The system relies on three hardware layers working in tight coordination:

  1. Eye-tracking glasses — Infrared-based, worn by the user, sampling gaze direction at 60 Hz with ±1° angular accuracy. Calibration maps the 2D gaze vector into a coordinate frame shared with the depth sensor.

  2. RGB-D depth camera — Mounted on the wheelchair, it captures real-time depth data over a 0.5–4.0 m operating range. An affine transformation fuses the gaze vector with depth to compute a 3D gaze point in world coordinates. A floor-detection algorithm filters gaze landing on non-navigable surfaces (walls, objects) from gaze on the floor — preventing the classic “Midas Touch” problem of unintended activation.

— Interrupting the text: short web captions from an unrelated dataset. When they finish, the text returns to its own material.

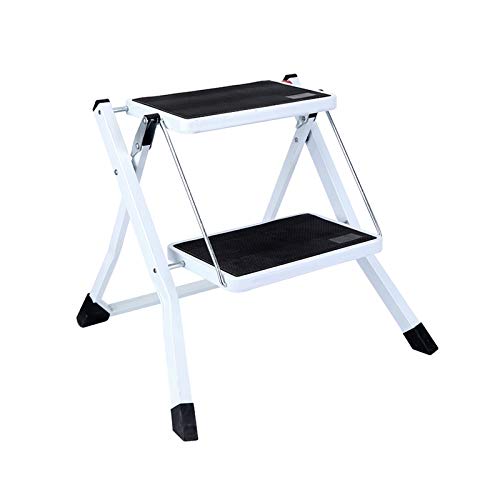 FLYIFE Step Stool Thicken Non-Slip Folding Steps,Stable Durable Attic Ladders Kitchen Stools Home 2 Step Ladder/50X48X43Cm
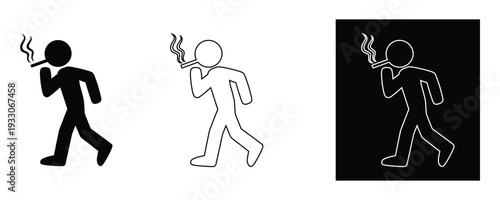Smoking person icon set in various styles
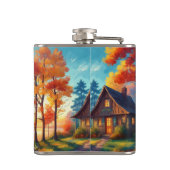 自然の森のコテージの風景 フラスク (裏面)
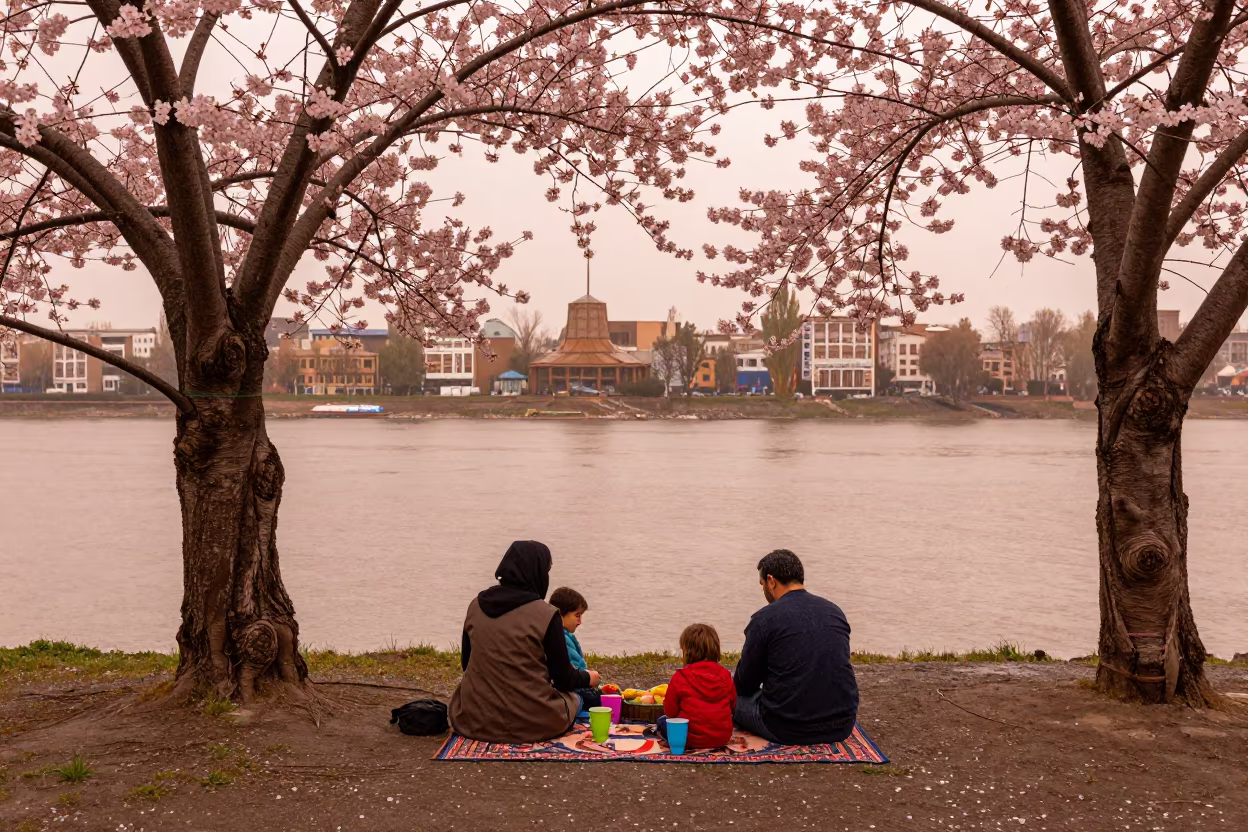 Hanami Picnic Under Cherry Blossoms in Mazar-i-Sharif in at a waterfront celebration in Mazar-i-Sharif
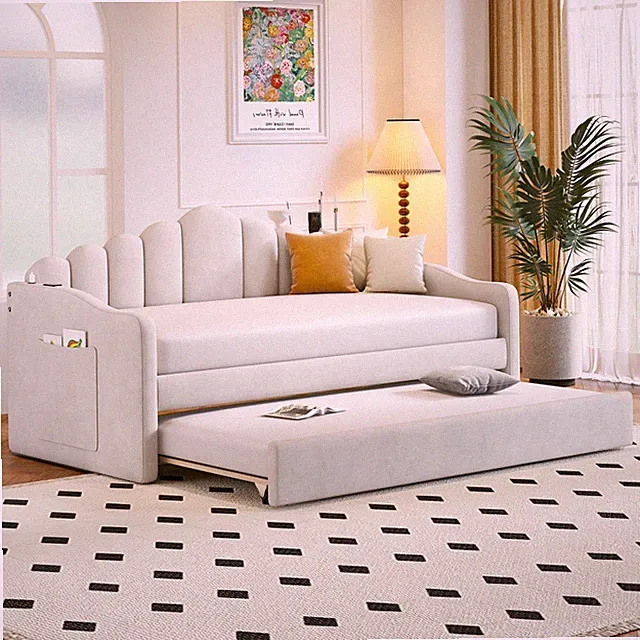 Twin size Upholstered Daybed with Trundle Velvet Sofabed with USB Charging Ports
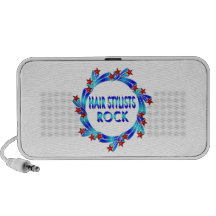 Hair Stylists Rock Red Stars Portable Speakers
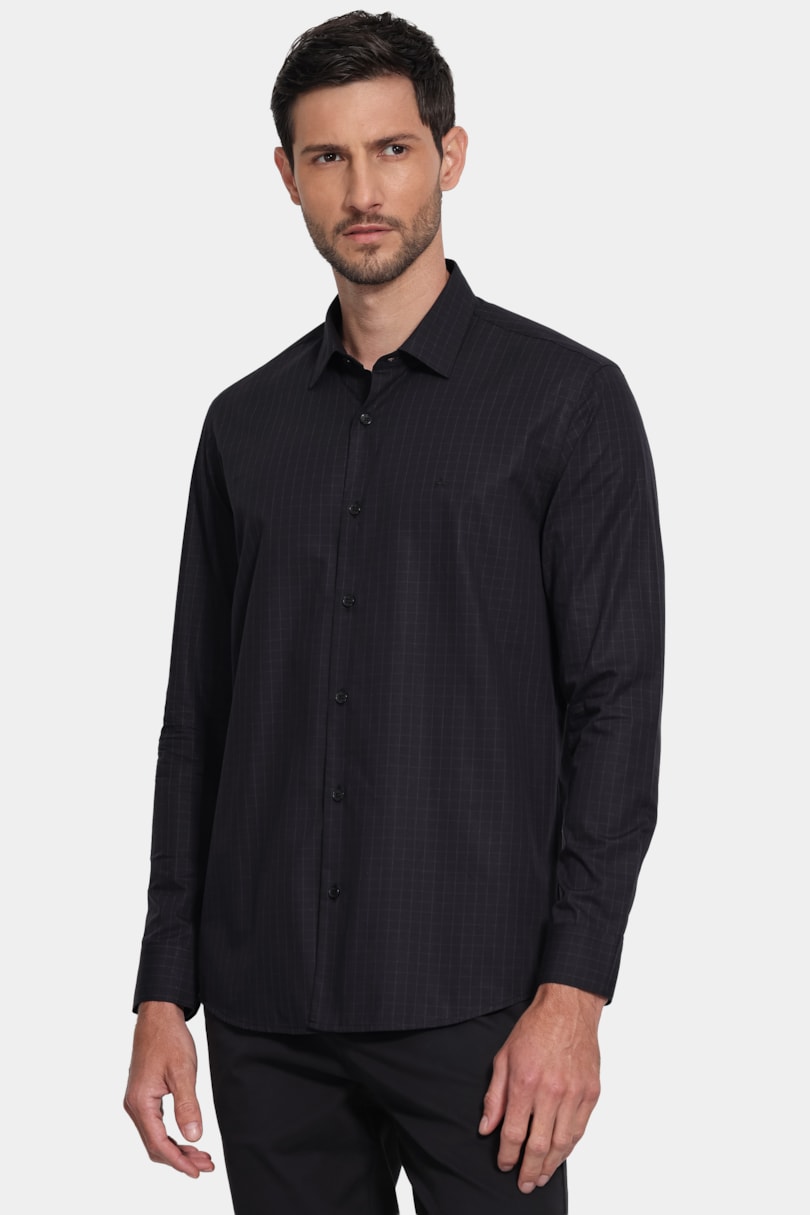 Camisa Manga Longa Slim Tricoline Xadrez Preto C/Azul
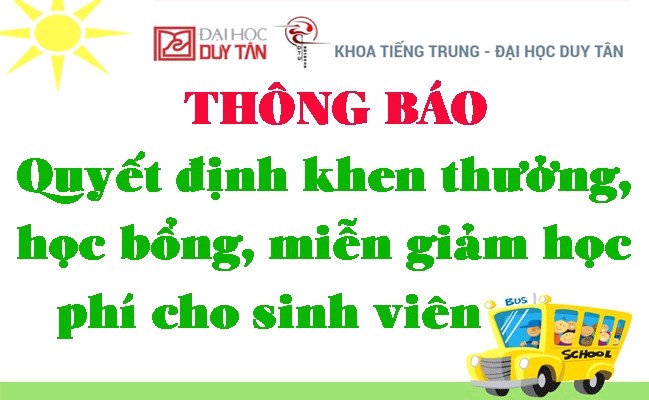 Thông báo Các quyết định khen thưởng, học bổng, miễn giảm học phí cho sinh viên K29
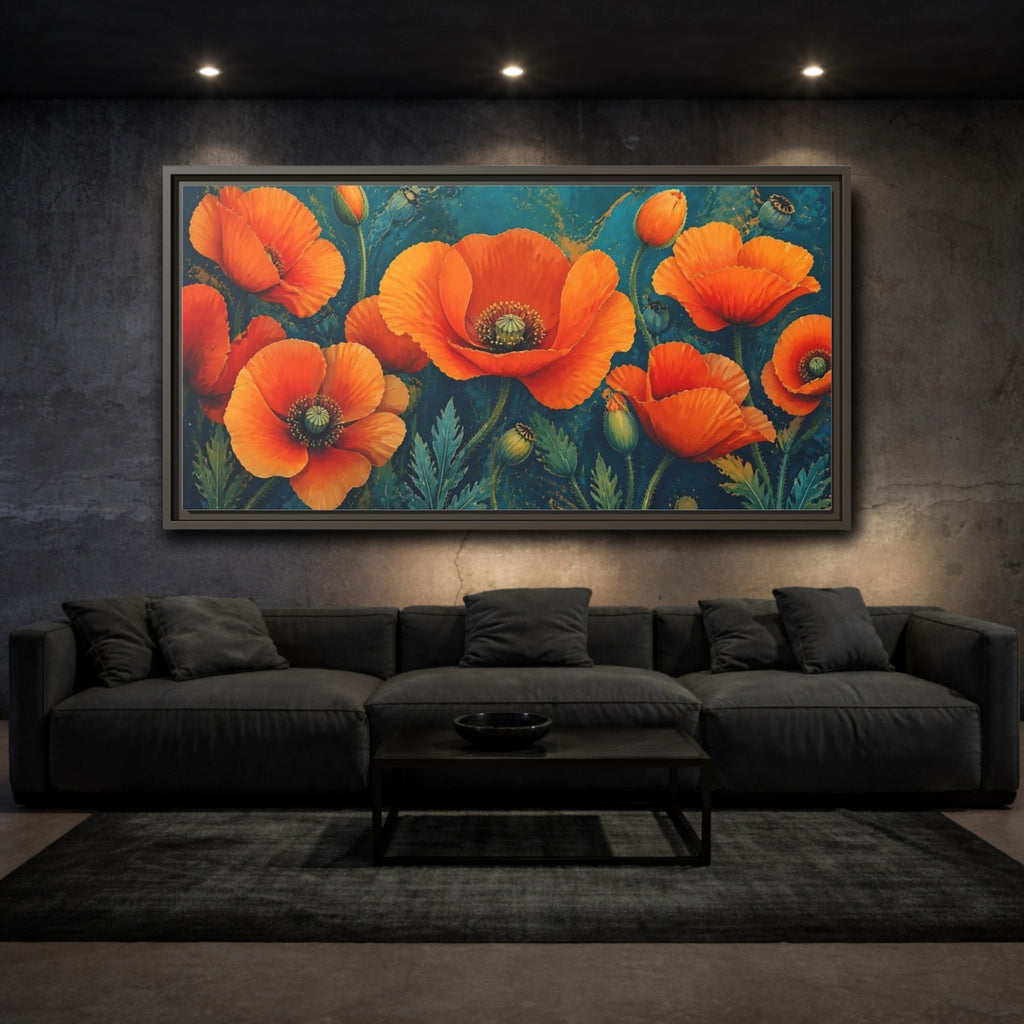 Mockup 3. Floral Poppies Orange And Teal Poppies shown as stretched canvas wall art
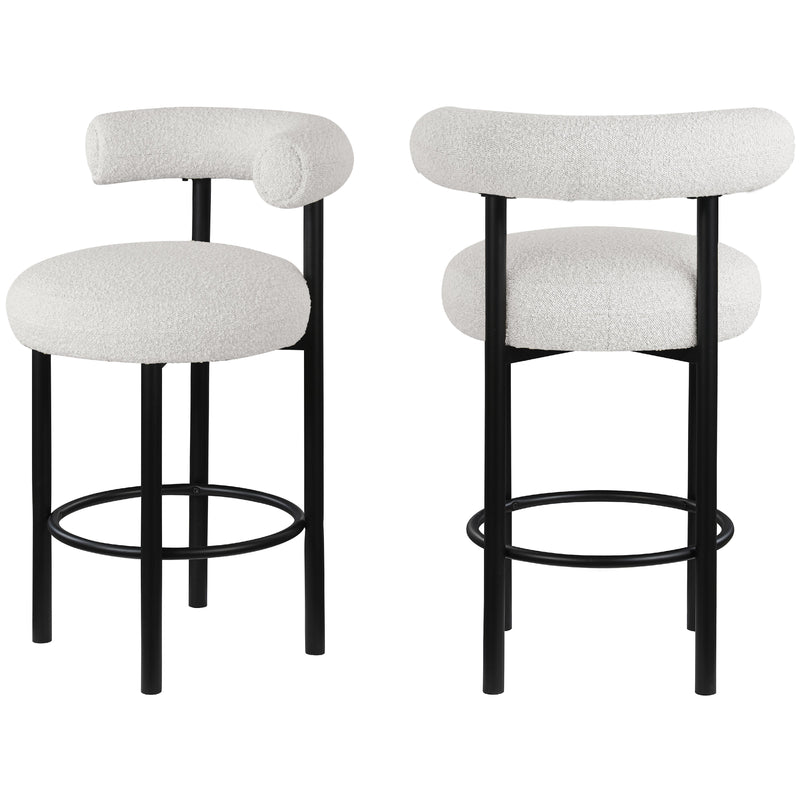 Meridian Bordeaux Cream Boucle Fabric Stool IMAGE 9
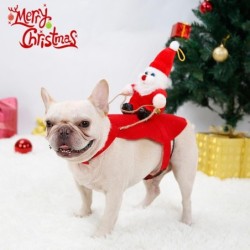 Weihnachtsmann-Kostüm reitet auf Hund, Weihnachten, Haustiere, Kleidung, Welpe, Weihnachtsmantel, süßer warmer Mantel, Hund X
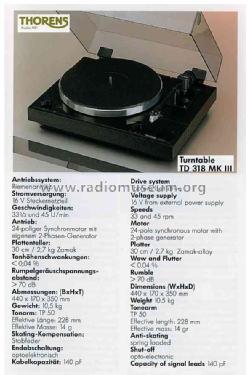 TD318MKIII; Thorens SA; St. (ID = 668733) R-Player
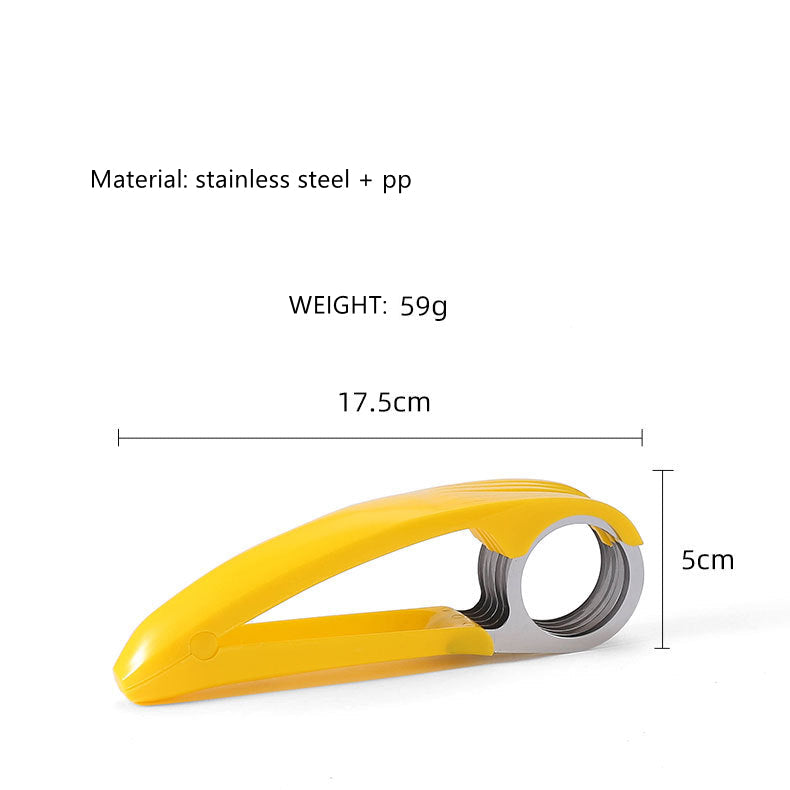 Stainless Steel Banana Cutter Slicer with its size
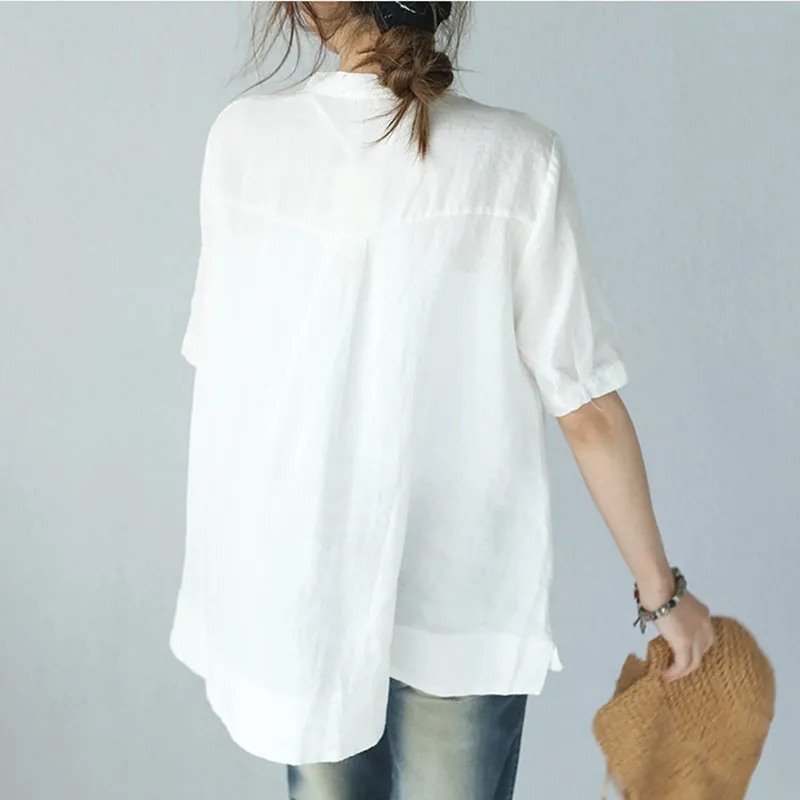 Summer Stand Collar A Line Embroidery Doll T Shirt Women Blouse Q1006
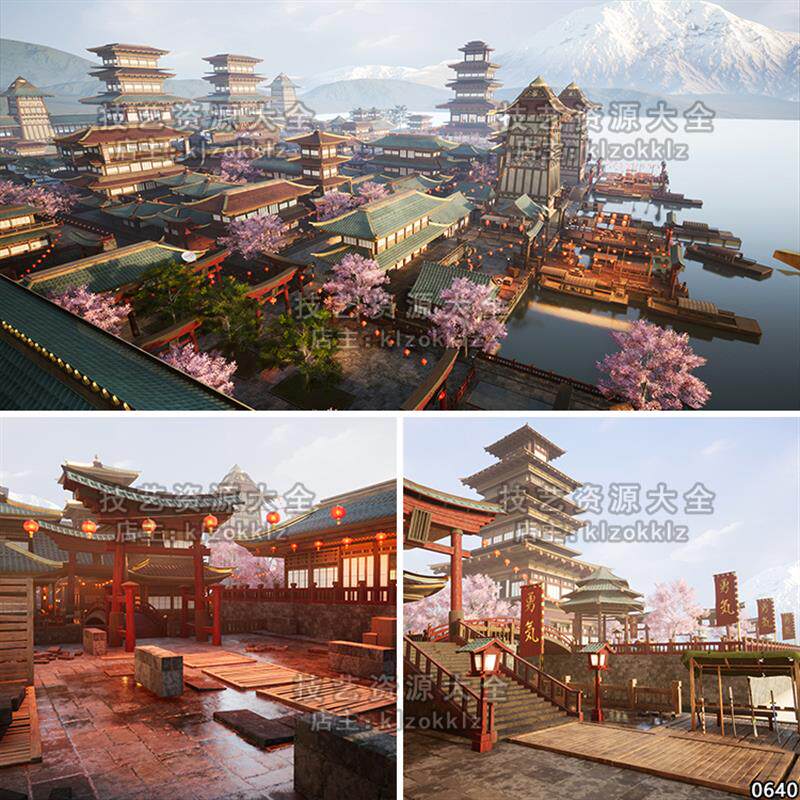 ue4/ue5国风古镇场景日式古建筑古风古代建筑虚幻5游戏3d模型素材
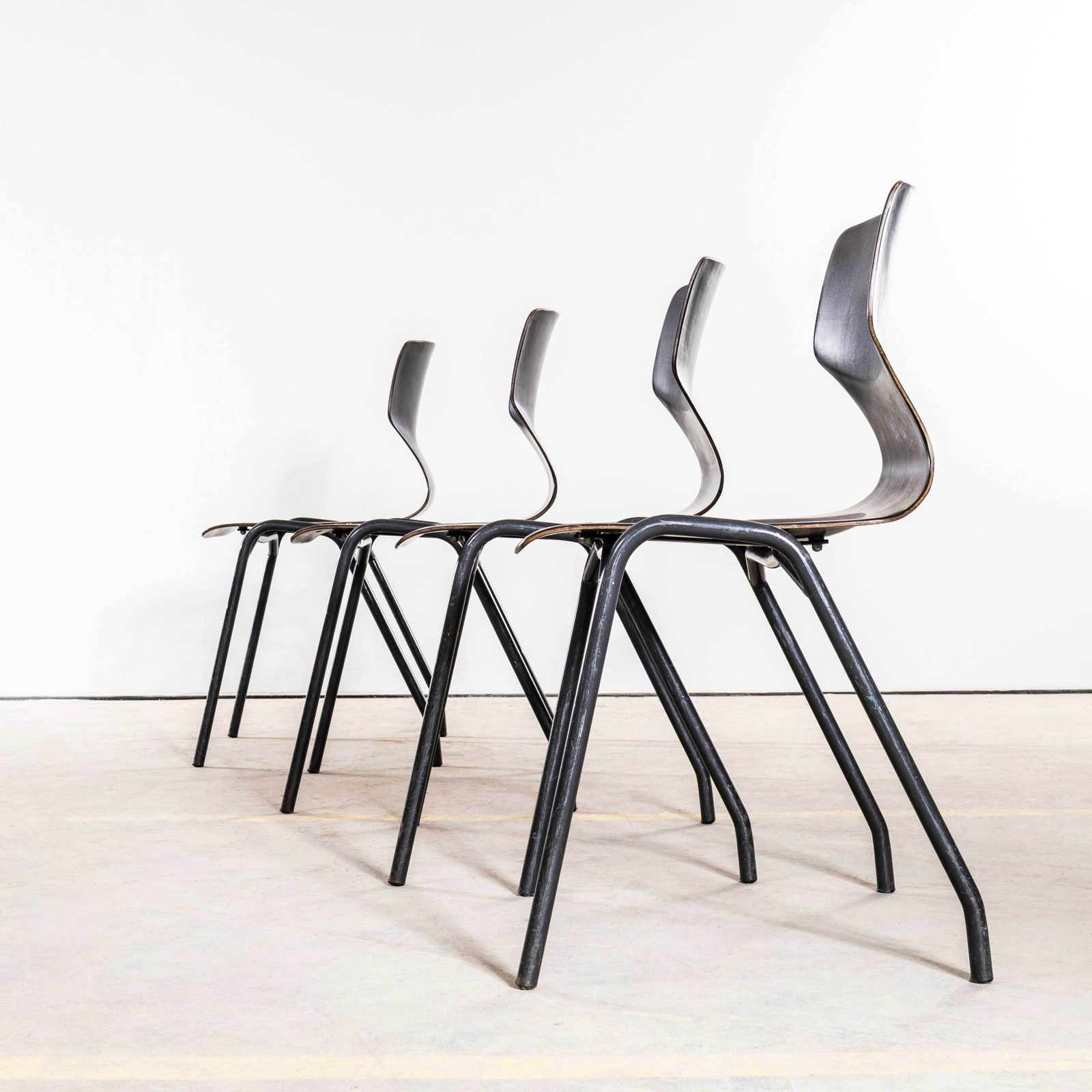 photo furniture 1960's Laminated Ebonised Gun Metal Dining Chairs   Set Of Four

  3. Control algorithm — Two modes were designed and validated: a Continuous Control Field interface mapping gaze position to proportional velocity commands, and a Natural Decoder interface using a probabilistic model of natural gaze behaviour to output discrete motion states (forward, reverse, left, right). The Natural Decoder achieves 15.3 bits/second of information throughput — far exceeding conventional switch-based interfaces.

Left: IR eye-tracking glasses worn by the user, sampling gaze at 60 Hz. Right: RGB-D dual-lens depth camera mounted on the wheelchair frame, providing real-time floor detection and 3D gaze mapping.

Design & Engineering

The mechanical design integrates the sensor suite into a standard powered wheelchair platform without compromising usability. Sensor mounting was engineered to a <0.1° angular alignment tolerance between the eye-tracker and depth camera optical axes — critical for calibration stability. The enclosures are rated to 1.0 g vibration (5–500 Hz) to handle the dynamic loads typical of motorized wheelchair operation.

The modular architecture keeps the eye-tracker, depth sensor, and controller independently serviceable — an important consideration for a regulated medical device requiring documented maintenance procedures.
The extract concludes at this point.